You remember when you were young and you got sick. It was bad, but you secretly liked it because it meant you didn't have to go to school and you could relax all day in front of the TV and snuggle with your mom. Ah, those were the days. As an adult being sick is not that way. In fact, go ahead and think back to your childhood. Can you recall a time that your mom was sick in bed all day? I bet you can't. And do you know why??? Because parents don't get sick days.

I love that Vicks commercial going around lately. The one where the parent knocks of the door of his toddler's room to tell him that he will be taking a sick day tomorrow. Hilarious. It draws on that irony that as a parent and caregiver-- you cannot take a sick day. You have to care for this tiny human who cannot care for themselves. And in that is the challenge. I would dare to say that the only thing worse than having a sick child, is being sick with a child.

Last Monday, P had a little stomach bug. It started at about 4:30 Monday afternoon, and it was horrible. I felt so helpless for my little girl. However, I did get to enjoy the whole Frozen movie uninterrupted as she laid motionless on my lap. I got to play with her hair (which is so stinkin long now). I just rubbed her head and her tummy until she nodded off. Then I put her to bed. The next day she seemed better. We continued to battle diarrhea until Thursday, but she seemed fine.

I was meticulous about cleaning everything up so that her dad and I wouldn't catch whatever it was she had. But Thursday morning at 4:30 am I was awakened with awful stomach pain, a pounding headache, the chills, and crippling nausea. Then, I really felt bad for P--knowing that this was how she was feeling on Monday hurt my heart. At the same time--the thought of standing up and walking around was daunting to me. There was just no way I could work, and take care of her together. I was beginning to think I couldn't do either. So J stayed home for a few hours and went into work for his two classes. He wasn't gone too long, and P slept most of the time he was away to make it bearable.

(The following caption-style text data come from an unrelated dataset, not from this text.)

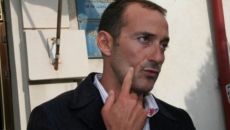 Radu Mazare 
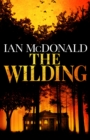 The Wilding - eBook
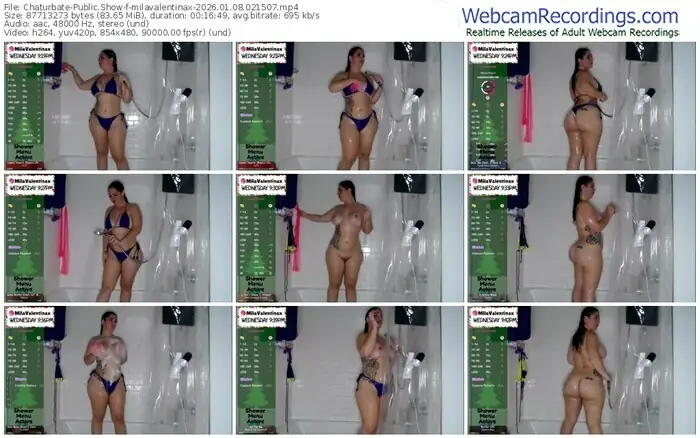 chaturbate-milavalentinax-01-08-2026-02-15-07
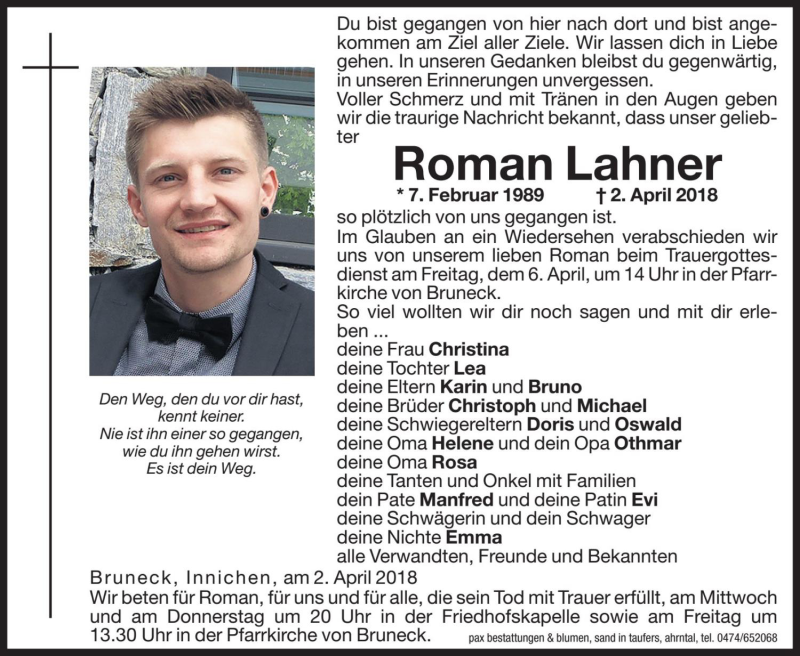 Vorschau der Anzeige 2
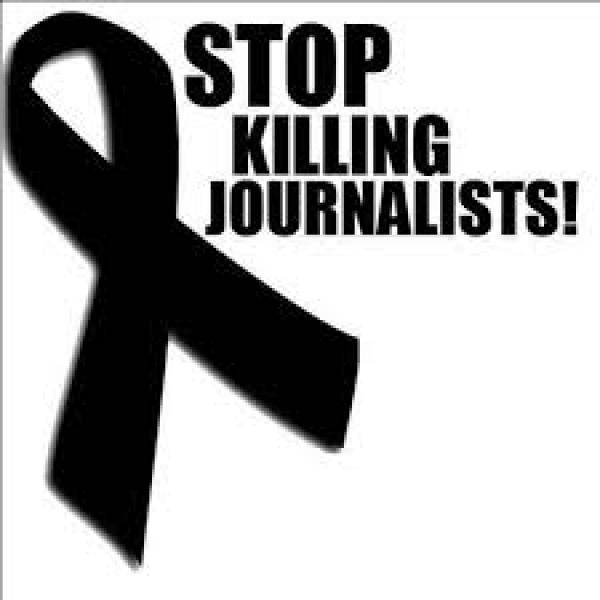 Free Press Condemns Attacks and Mourns Deaths of ...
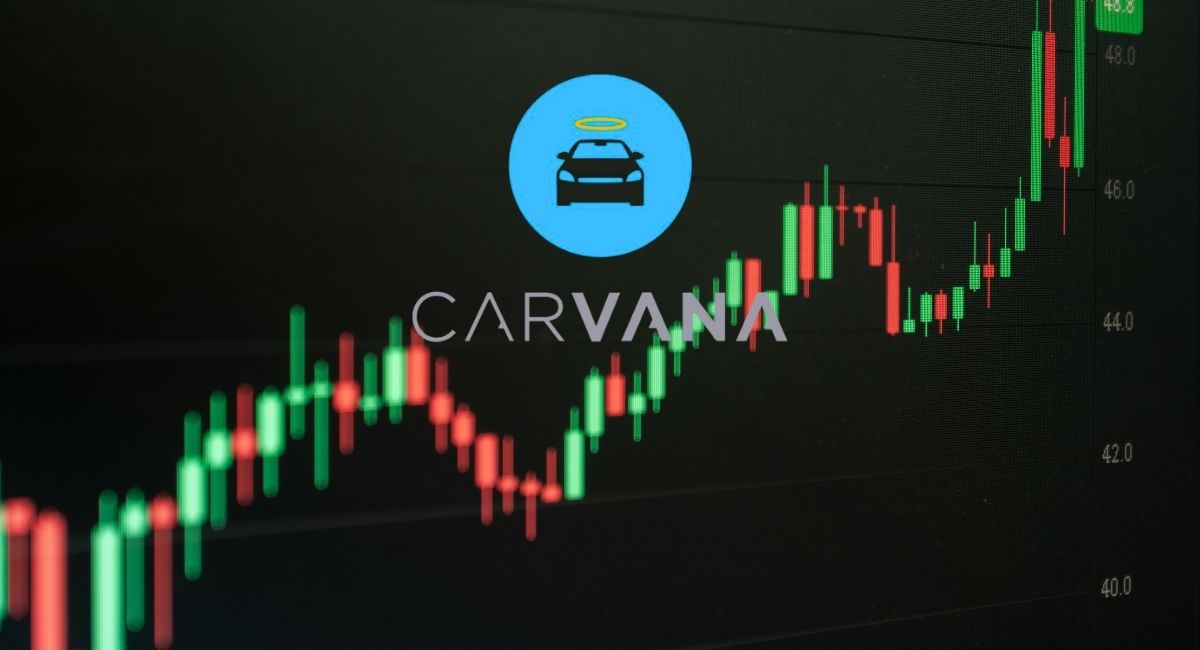 CVNA Stock Forecast 2026: Expert Breakdown of Carvana’s Growth Potential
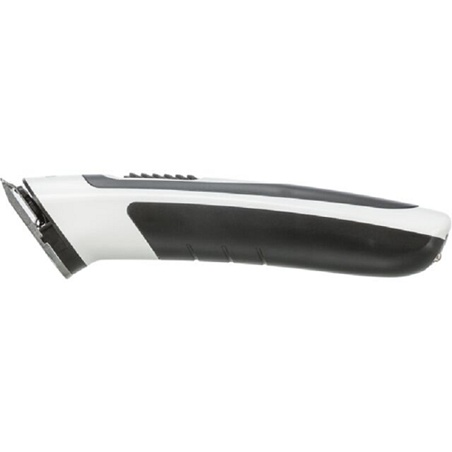 Trixie, Cortadora de césped inalámbrica SLIM TR500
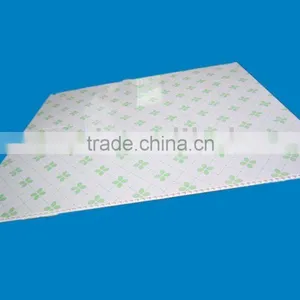 Ceiling Pvc Panel thumbnail-1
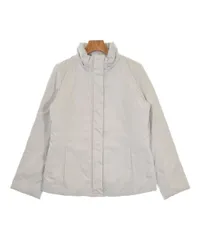 COUP DE CHANCE ブルゾン（その他） レディース 【古着】【中古】【送料無料】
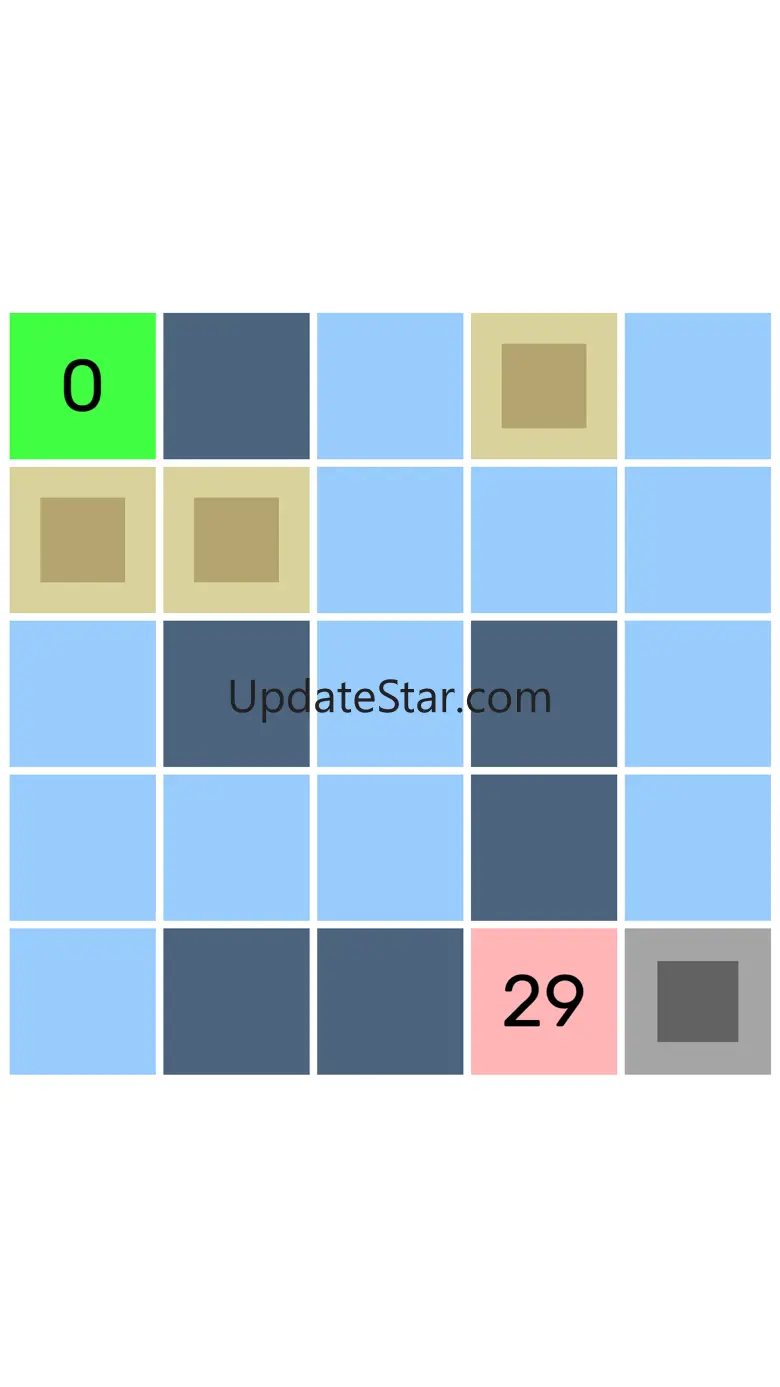 Thinky Puzzle Games 2.0.3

But when he returned--he had come down with the stomach bug too. So here we were, both of us feeling like death--and P, she just didn't understand why we didn't want to play with her. We felt so awful that we couldn't interact more with her, but things as simple as rocking her to sleep took maximum concentration and deep breathing to keep from vomiting all over her. It was one of my worst days as a mom.

I wish I could tell you that we were the only victims of P's stomach bug, but J's parents who had been at our house to see P on Wednesday afternoon caught it as well. They are still dealing with it, and I wish them the best. I wouldn't push that sickness on my worst enemy.

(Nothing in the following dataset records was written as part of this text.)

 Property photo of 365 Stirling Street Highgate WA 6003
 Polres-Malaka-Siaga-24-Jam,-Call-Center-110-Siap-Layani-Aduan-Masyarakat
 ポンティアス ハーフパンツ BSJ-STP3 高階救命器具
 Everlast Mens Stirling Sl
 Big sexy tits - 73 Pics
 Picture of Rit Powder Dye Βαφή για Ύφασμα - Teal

This experience just further assured me of all of the ways that my life has changed since P was born, and all of the ways that I have changed as well. Moments where you feel you cannot give your child 100% are hard to bear. Parents get sick too, but we push through because there is no other way.

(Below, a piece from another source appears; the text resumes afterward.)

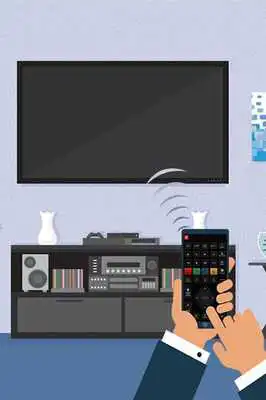 Play Tv Remote For Magnavox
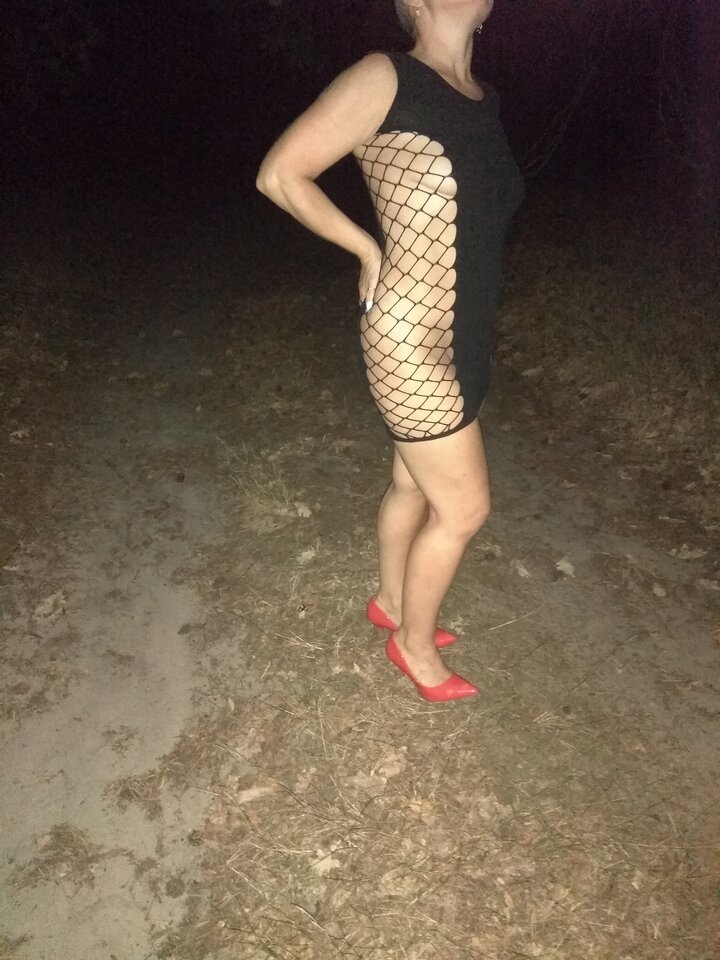 IMG_20200811_213207.jpg - fajnigorzow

What do you do when you are sick and you have to care for your little one?

1 comment:

  1. UGH I know exactly how you guys felt... except we were able to send Annabelle to my inlaws while we were dying. B and I were down for the count for almost 36 straight hours. Neither of us could even stand, so I don't know how we would have had her at home with us. My poor inlaws caught the bug too and they were down for 48 hours!

    Sometimes Mommies and Daddies need sick days - just like that commercial says! Glad you guys are better!